▶ PROBLEM:
Please retype all of the records below word for word, leaving out any pictures.

= = = = = = =

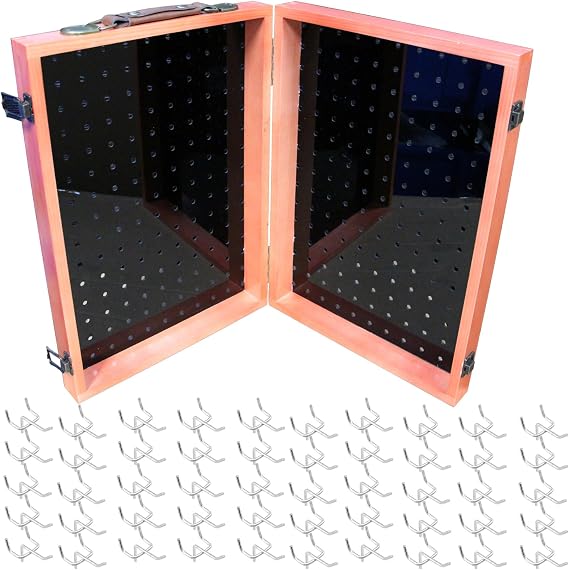 Wooden Foldable & Portable Acrylic Pegboard Display Stand for Craft Shows Panel Pegboard Jewelry Display Organizer - The Perfect Display Stand for Craft Shows, Traveling Display Cases, and More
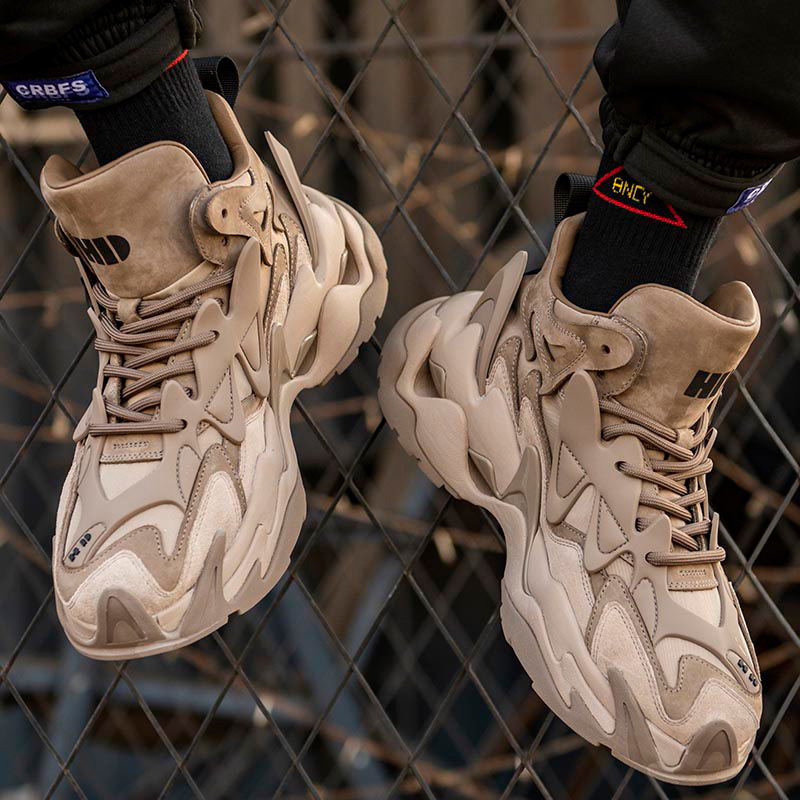 European Station Winter Work Boots Retro Fashion Casual High-Top Shoes Dad Shoes Thick Sole Outdoor Sports Men's Shoes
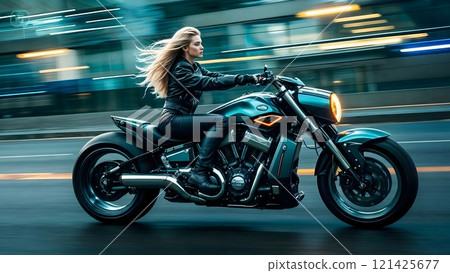 A woman riding a motorcycle on a city street at high speed, with urban background A woman riding a motorcycle on a city street at high speed, with urban background 121425677
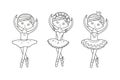 Little cute ballerina in pointe shoes and dress. Isolated set vector illustrations in doodle style Royalty Free Stock Photo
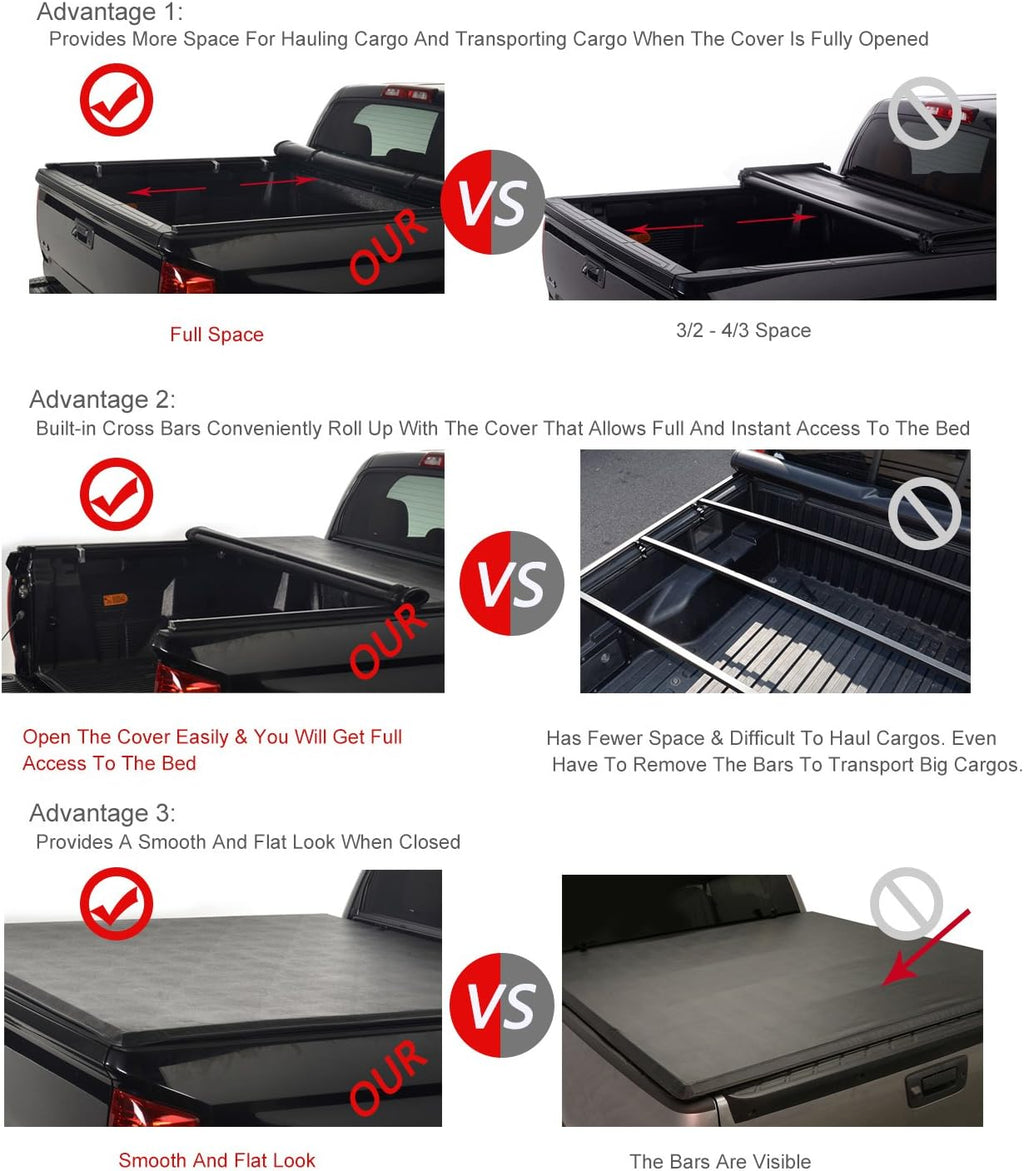 Black Vinyl Soft Roll-up Truck Bed Tonneau Cover with Rails J1292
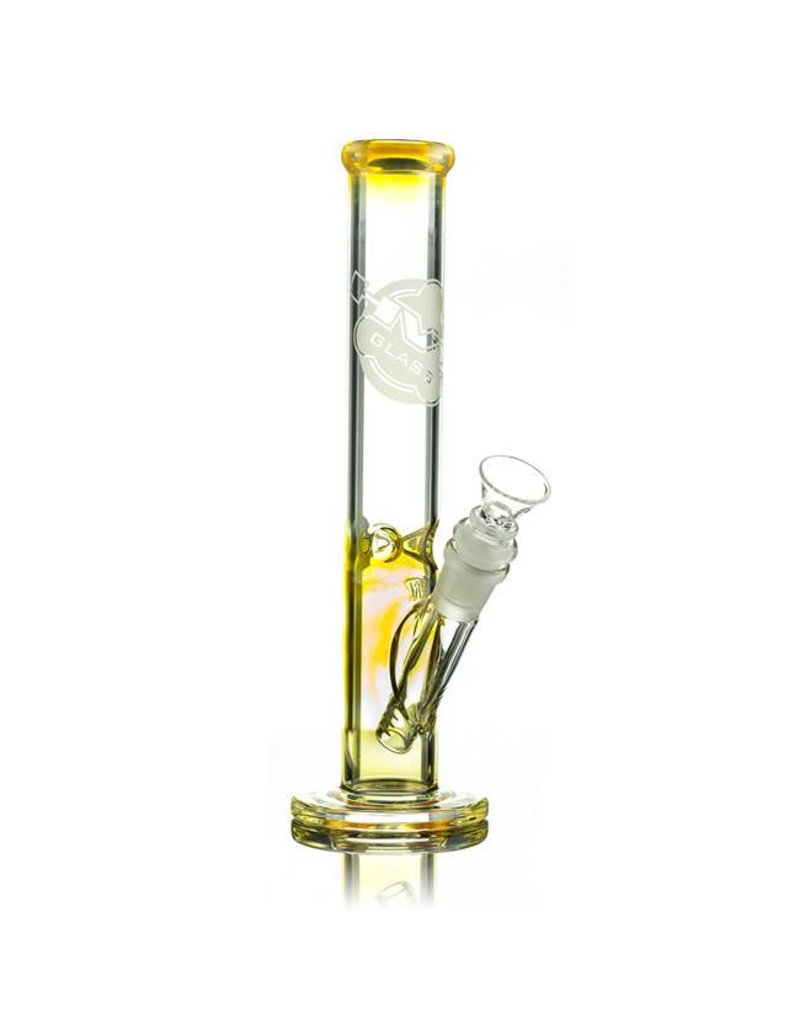 HVY Glass HVY Glass 11" Mini Straight Bong 38MM Fumed w/ slide & removable downstem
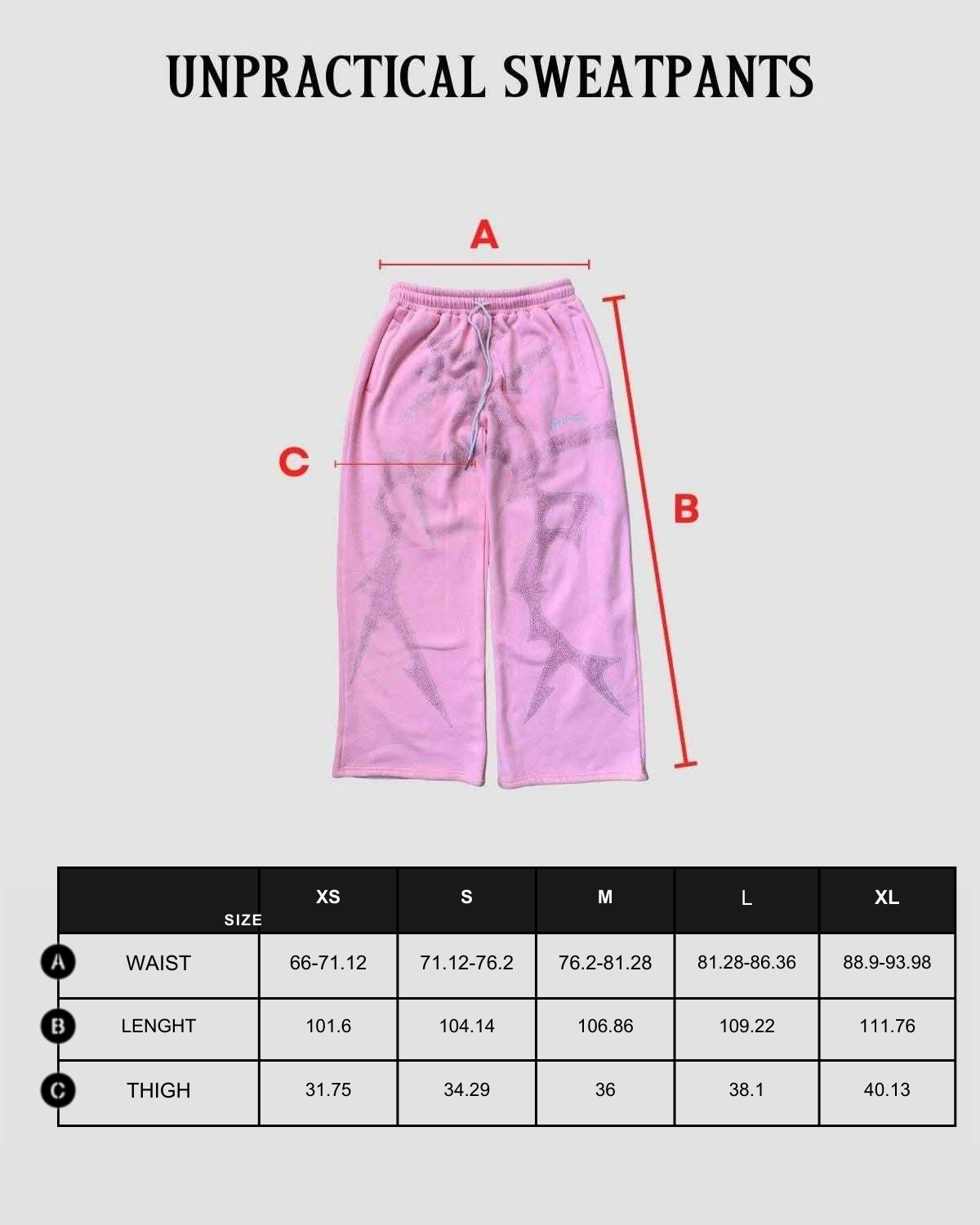 Size chart in centimeters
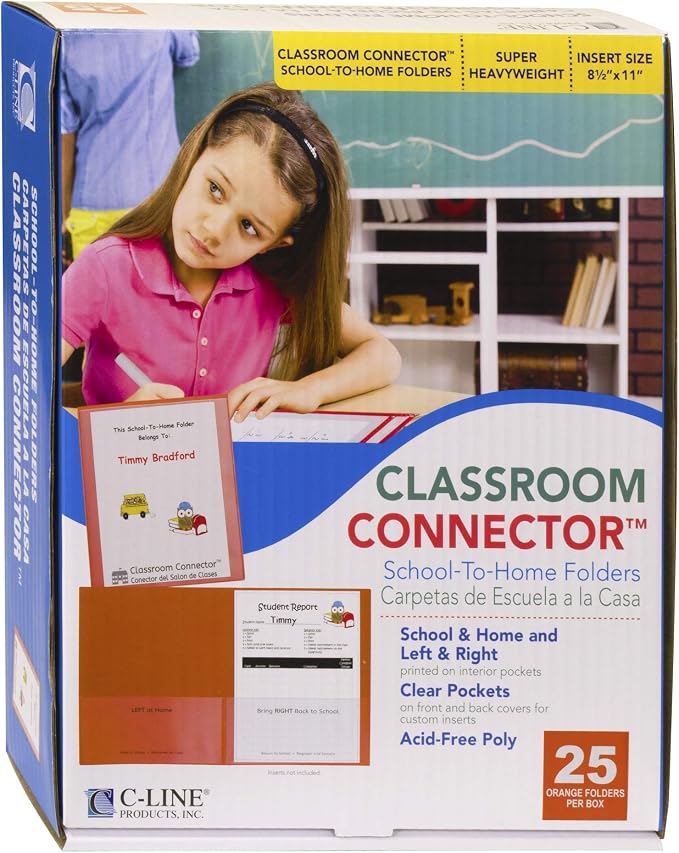C-Line Classroom Connector School-to-Home Folders, Orange, 25 per Box (32002) - Image 3
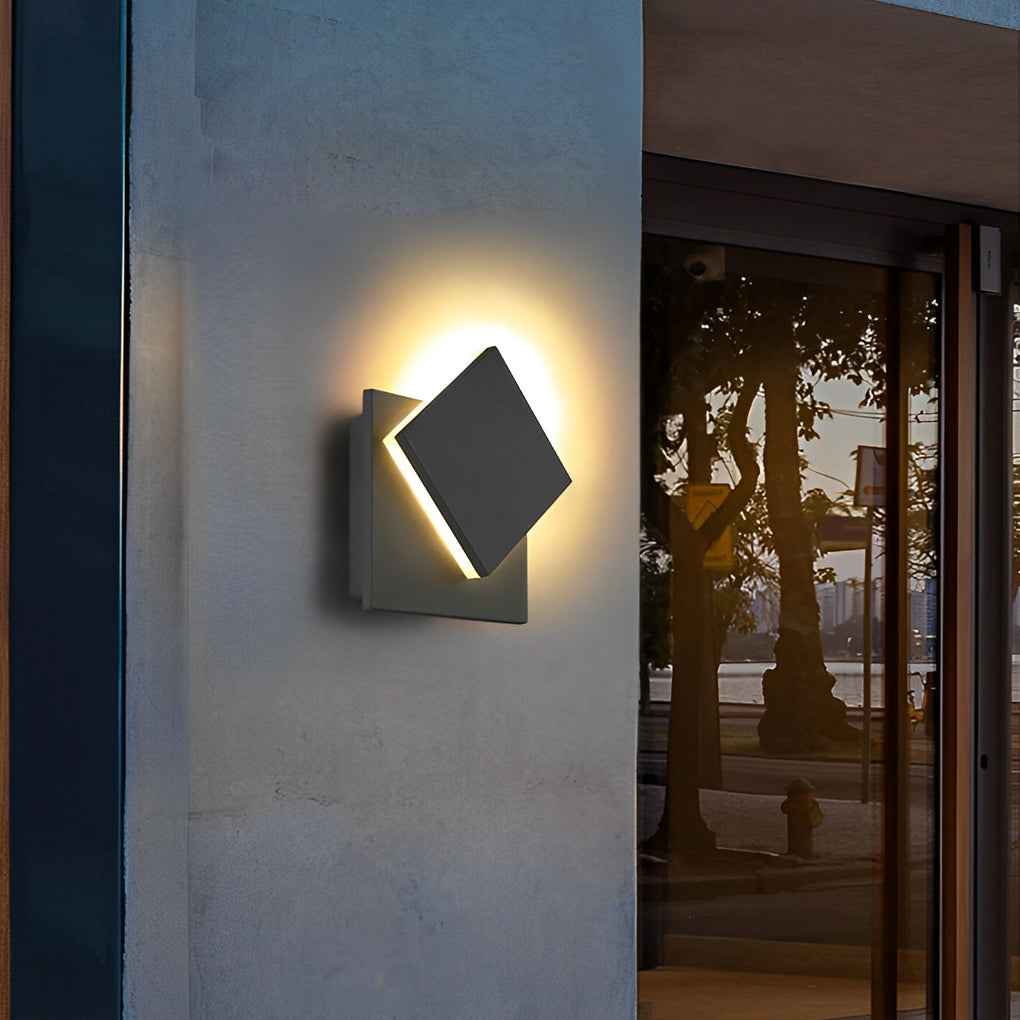 Adjustable Square Waterproof LED Black Modern Outdoor Wall Light Wall Lamp - Lumpaz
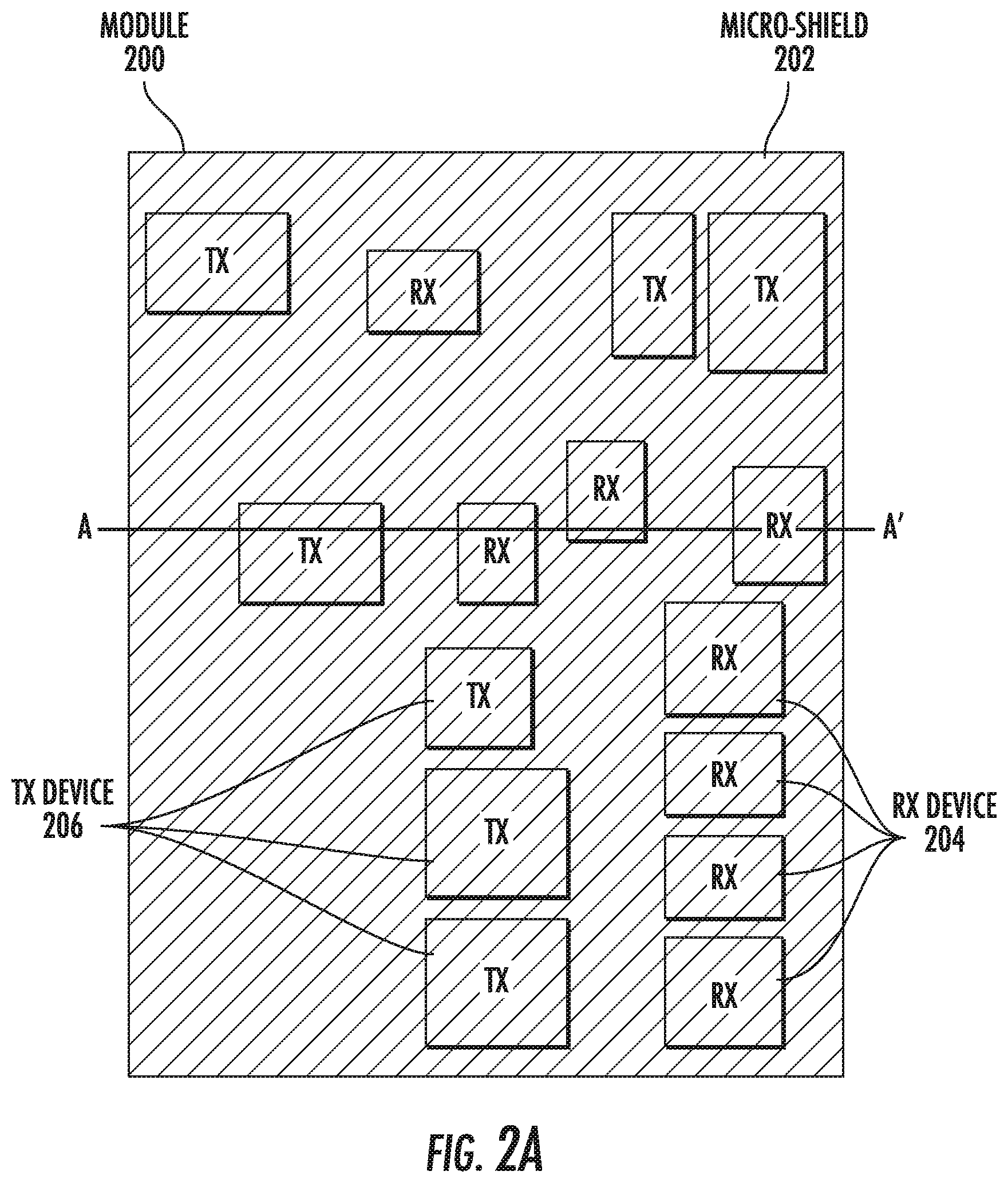 Patent US12324089 Figure 2 – Module conductive shield including discontinuities to reduce device coupling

= = = = = = =

▶ RESULT:
 Wooden Foldable & Portable Acrylic Pegboard Display Stand for Craft Shows Panel Pegboard Jewelry Display Organizer - The Perfect Display Stand for Craft Shows, Traveling Display Cases, and More
 European Station Winter Work Boots Retro Fashion Casual High-Top Shoes Dad Shoes Thick Sole Outdoor Sports Men's Shoes
 A woman riding a motorcycle on a city street at high speed, with urban background A woman riding a motorcycle on a city street at high speed, with urban background 121425677
 Little cute ballerina in pointe shoes and dress. Isolated set vector illustrations in doodle style Royalty Free Stock Photo
 Black Vinyl Soft Roll-up Truck Bed Tonneau Cover with Rails J1292
 HVY Glass HVY Glass 11" Mini Straight Bong 38MM Fumed w/ slide & removable downstem
 Size chart in centimeters
C-Line Classroom Connector School-to-Home Folders, Orange, 25 per Box (32002) - Image 3
 Adjustable Square Waterproof LED Black Modern Outdoor Wall Light Wall Lamp - Lumpaz
 Patent US12324089 Figure 2 – Module conductive shield including discontinuities to reduce device coupling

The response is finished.